En días recientes Ucrania ha presionado por el envío de armas que pueden, si no hacerla triunfar en su lucha, sí, cuando menos, sostener paridad con Rusia. Los tanques modernos han sido punto nodal en este conflicto. Se espera que logren, al menos, un balance de fuerzas. El liderazgo europeo se ha dejado empujar, tanto por Estados Unidos como por algunas naciones limítrofes, en particular por Polonia y los países bálticos que han adoptado peligrosas posturas guerreras. El premier alemán y el presidente Macron, de Francia, cedieron a presiones después de mucho litigar en contra. Están conscientes de que mejores armas a Ucrania harán más cruda la guerra e inducirán peligrosas decisiones adicionales de los contendientes.

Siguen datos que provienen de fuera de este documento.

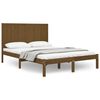 vidaXL Cadre de lit Marron miel Bois de pin massif 135x190 cm Double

Mientras, es esperable una escalada por la parte rusa que puede preparar otras sucesivas. Los cálculos, muy en boga en los centros de análisis y prospectiva europeos, partían de predicar el deterioro de la economía rusa y el quiebre del poder de su presidente. Asuntos que ha estado lejos de suceder. Rusia se fortificó con reclutas y armamento. Esta circunstancia ya se hace sentir en el teatro de guerra.
Mucho de lo que ha estado sucediendo en todos los entornos de poder europeo apuntan a que la belicosidad inicial se ha manejado de manera torpe. Su continuación bien puede ser el escalón que incremente la guerra. Los pueblos alemán y francés no desean ser enemigos de Rusia y así lo han declarado sus guías, pero éstos se dejan intimidar y titubean. Las consecuencias económicas para las poblaciones del continente han sido dramáticas por la carestía desatada. Las pérdidas en todas las economías son datos duros, comprobables. Sólo Estados Unidos ha salido ganador, pese a que padece un proceso inflacionario severo.
Qué tanto el liderazgo de estas naciones en conflicto pueda manejar, con eficacia, cordura y humanidad, la ríspida y delicada situación generada, propicia acendradas dudas. Llega, de nueva cuenta, el recuerdo de la nula capacidad del liderazgo –militar, diplomático y político– que desencadenó la Primera Guerra Mundial.